TAU-2 Benchmark

This directory contains a small OpenViking-style entry point for TAU-2 memory evaluation. The first version is intentionally narrow:

fresh OpenViking Memory V2 experience-only baseline;
Memory V2 pre-write recall treatment.

Trajectory / procedure-view prompts, category rerank, and other harness-only diagnostics are intentionally left out of this first PR.

Layout

text

benchmark/tau2/
├── config/
│   ├── baseline.yaml
│   ├── official.yaml
│   └── prewrite.yaml
├── scripts/
│   ├── run_eval.py
│   ├── setup_tau2_repo.sh
│   └── tau2_common.py
└── run_full_eval.sh

Generated artifacts are written to benchmark/tau2/result/<run_id>/.

Quick Start

This benchmark delegates task simulation and scoring to an external TAU-2 checkout. Point the runner at that checkout and CLI explicitly when they are not on the default path:

bash

export TAU2_REPO=/path/to/tau2-bench
export TAU2_CLI=/path/to/tau2

For a local one-command setup, clone and install TAU-2 into ignored benchmark directories:

bash

benchmark/tau2/scripts/setup_tau2_repo.sh
source benchmark/tau2/.env.tau2

Plan the default benchmark without running TAU-2:

bash

python benchmark/tau2/scripts/run_eval.py --config benchmark/tau2/config/baseline.yaml --plan-only

Add --preflight or --strict-preflight when you want the runner to write a small environment/config check next to the run plan.

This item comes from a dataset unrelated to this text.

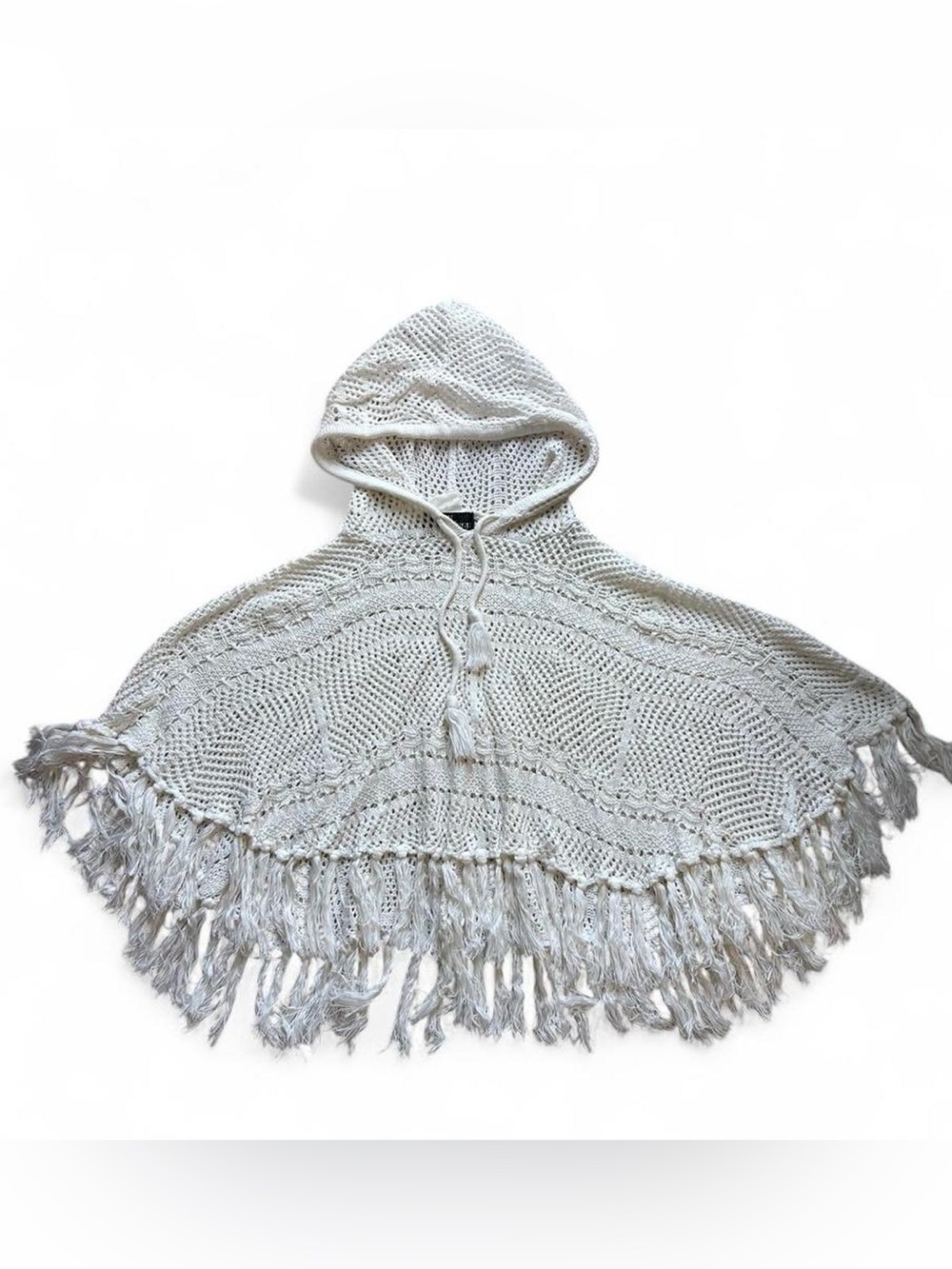 Cecil McBee Japanese Y2K Crochet Hooded Fringe Poncho Cream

After setup, verify the local TAU-2 link and write a one-cell run plan:

bash

benchmark/tau2/run_full_eval.sh \
  --config benchmark/tau2/config/baseline.yaml \
  --strict-preflight \
  --domain retail \
  --strategy-id memory_v2_experience_only \
  --task-id 5 \
  --repeat-count 1

Plan a one-cell Memory V2 pre-write smoke:

bash

benchmark/tau2/run_full_eval.sh \
  --config benchmark/tau2/config/baseline.yaml \
  --domain retail \
  --strategy-id memory_v2_prewrite \
  --num-tasks 1 \
  --repeat-count 1

Run the Memory V2 8-trial matrix (retail + airline x 2 strategies x 8 repeats):

bash

benchmark/tau2/run_full_eval.sh \
  --config benchmark/tau2/config/baseline.yaml \
  --execute

For a small E2E smoke, keep both the eval and train slices tiny:

bash

benchmark/tau2/run_full_eval.sh \
  --config benchmark/tau2/config/baseline.yaml \
  --domain retail \
  --strategy-id memory_v2_experience_only \
  --num-tasks 1 \
  --train-num-tasks 1 \
  --repeat-count 1 \
  --execute

When using Doubao through an OpenAI-compatible endpoint, set OPENAI_API_KEY and OPENAI_API_BASE for LiteLLM before running upstream TAU-2.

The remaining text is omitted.